Engineers must understand how to build, apply, and adapt various types of models in order to be successful. Throughout undergraduate engineering education, modeling is fundamental for many core concepts, though it is rarely explicitly taught. There are many benefits to explicitly teaching modeling, particularly in the first years of an engineering program. The research questions that drove this study are: (1) How do students’ solutions to a complex, open-ended problem (both written and coded solutions) develop over the course of multiple submissions? and (2) How do these developments compare across groups of students that did and did not participate in a course centered around modeling?.

Students’ solutions to an open-ended problem across multiple sections of an introductory programming course were explored. These sections were all divided across two groups: (1) experimental group - these sections discussed and utilized mathematical and computational models explicitly throughout the course, and (2) comparison group - these sections focused on developing algorithms and writing code with a more traditional approach. All sections required students to complete a common open-ended problem that consisted of two versions of the problem (the first version with smaller data set and the other a larger data set).
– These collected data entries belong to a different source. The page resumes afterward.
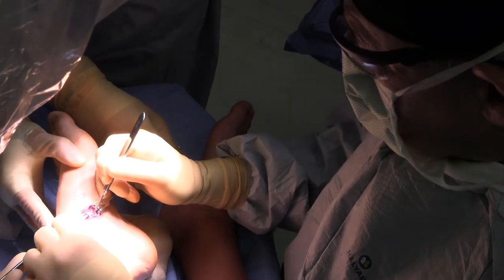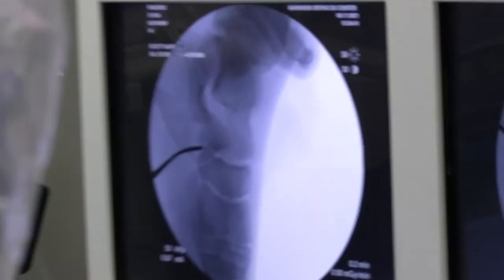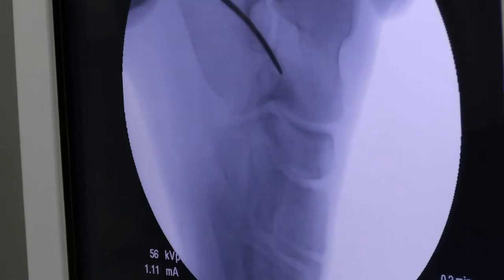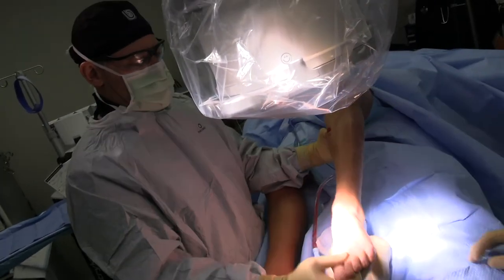We're just going to expose this bone. We're going to take a picture — my freer is kind of in between the real navicular and the accessory navicular. His actual navicular is a little prominent there, so since we're here, I'm going to trim that back just a little bit. I want to make sure that feels nice and smooth. Let's see what it looks like on x-ray.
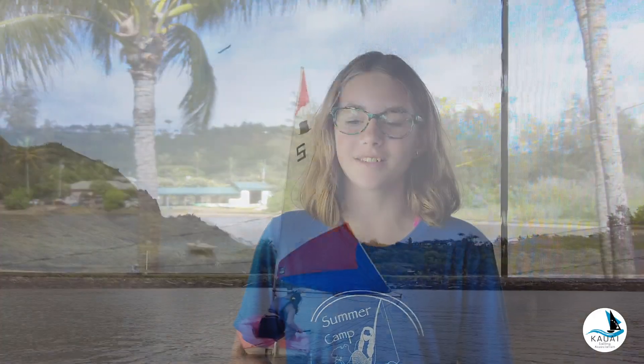Aloha! My name is Stella and I am here to explain jibing to you. To jibe, you turn your boat downwind. Your stern goes through the wind and your sail swaps sides. Do not forget to duck.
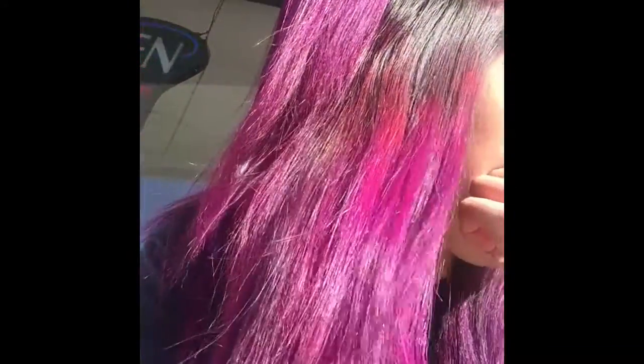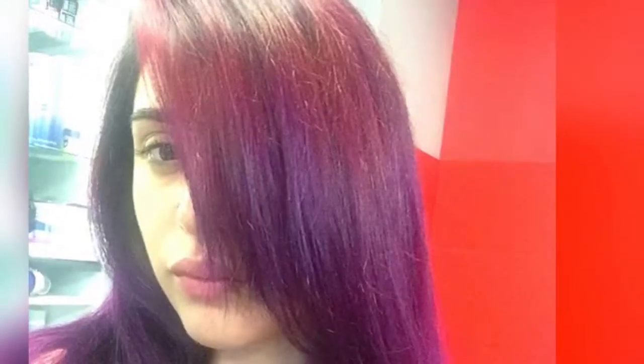Hey YouTube, I'm here in Vancouver BC and it's a great day. As you noticed, I changed my hair color to a purpley magenta with a little braid. I'll show you pictures — I went from this, to this, to the final result which is this. It's been fading — it's been about a week.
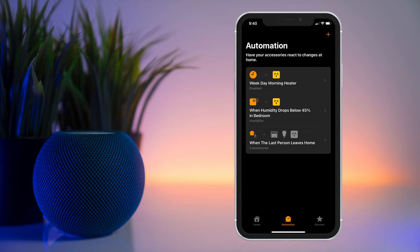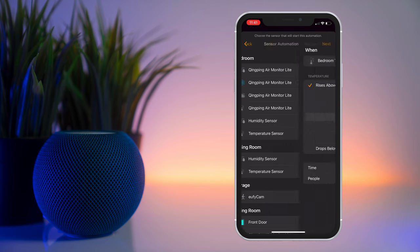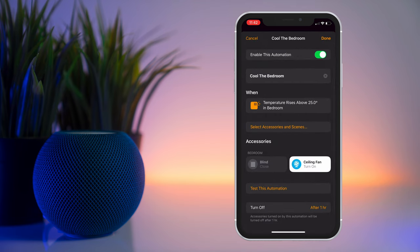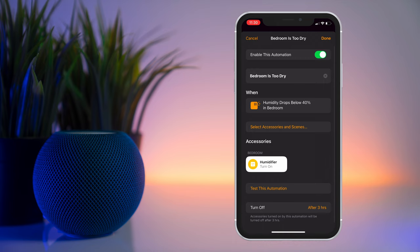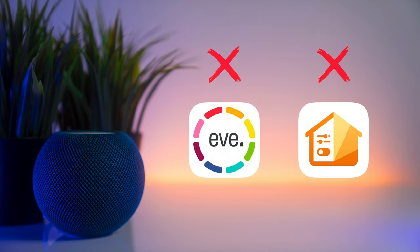The new temperature and humidity sensors can be used to set up automations using the Home app. For example, you can create a rule that turns on the fan and closes the blinds when the temperature rises above 25 degrees Celsius, or a rule that turns on the humidifier when the humidity drops below 40 percent. Unfortunately, this isn't possible using third-party apps such as Eve and Controller for HomeKit.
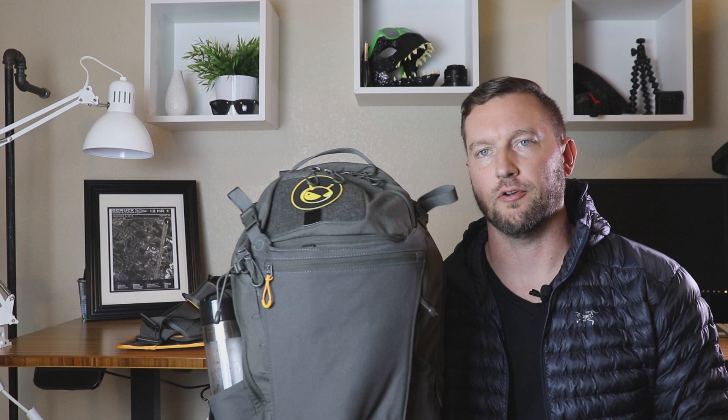I am just getting back from a work trip that took about a week and I wanted to share with you my experience with the Prometheus Design Works Shadow 24L.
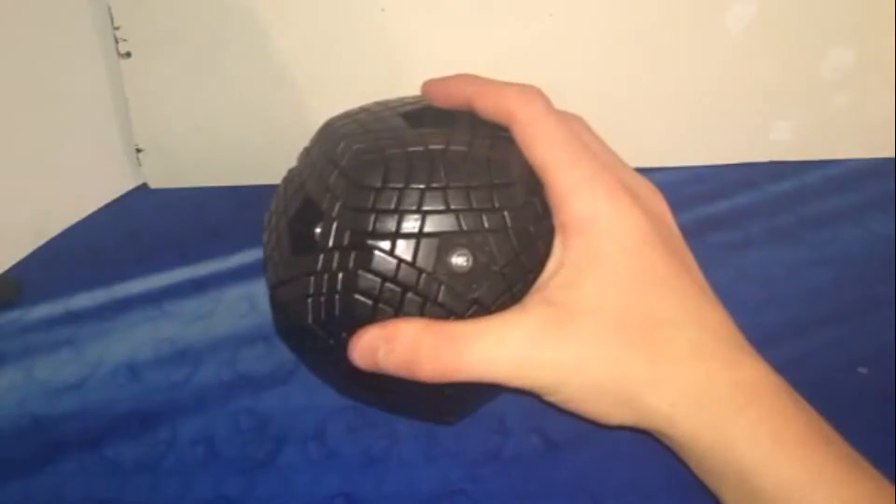Hey guys, today I want to show you my newest puzzle, the MF-8 Terraminx.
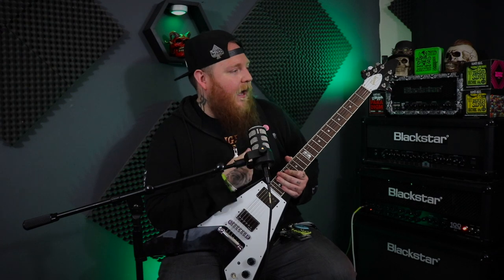Guys, one month on — so thank you to the guy that mentioned having some time with them before making a decision. It's got the durability, it's got the lifespan, they hold tuning — I've never really gone out of tune. So one month on, if you are in the market for some Hetfield strings and you can find them, go for it because they fucking rock.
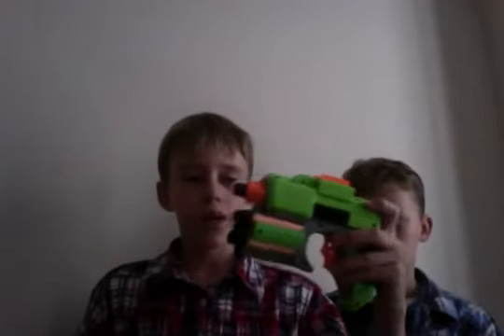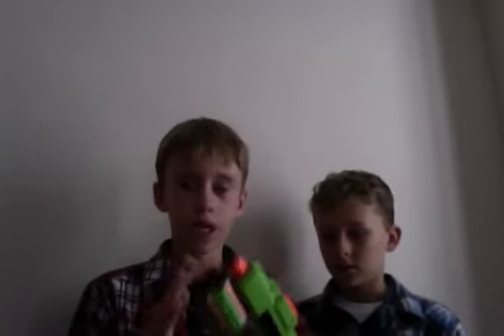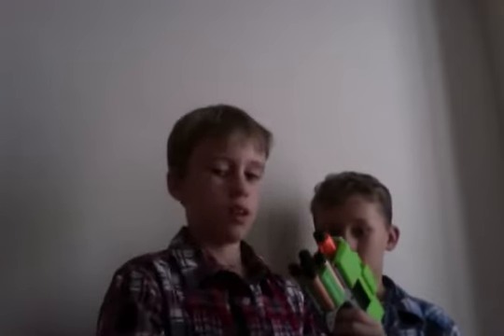Hey guys, today we will be reviewing the mini laser tag Nerf gun. These aren't the bullets that it comes with — they stick to your clothes and it's green and orange. You may know this before, but I'd recommend this gun compared to the bigger guns because it has better range.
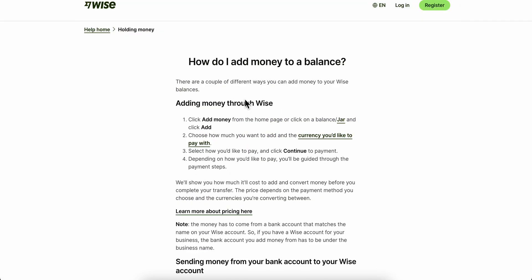On Wise, simply click on 'Add Money' from the home page, or click on 'Balance/Jar' and click 'Add.' Then choose how much you want to add and the currency you'd like to pay with. Next, select how you'd like to pay — in our case, use the debit card — and then simply click 'Continue to Payment.'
Each version had two submissions – (1) a mathematical model or algorithm (i.e. students’ written solution potentially with tables and figures) and (2) a computational model or program (i.e. students’ MATLAB code). The students’ solutions were graded by student graders after completing two required training sessions that consisted of assessing multiple sample student solutions using the rubrics to ensure consistency across grading. The resulting assessments of students’ works based on the rubrics were analyzed to identify patterns students’ submissions and comparisons across sections.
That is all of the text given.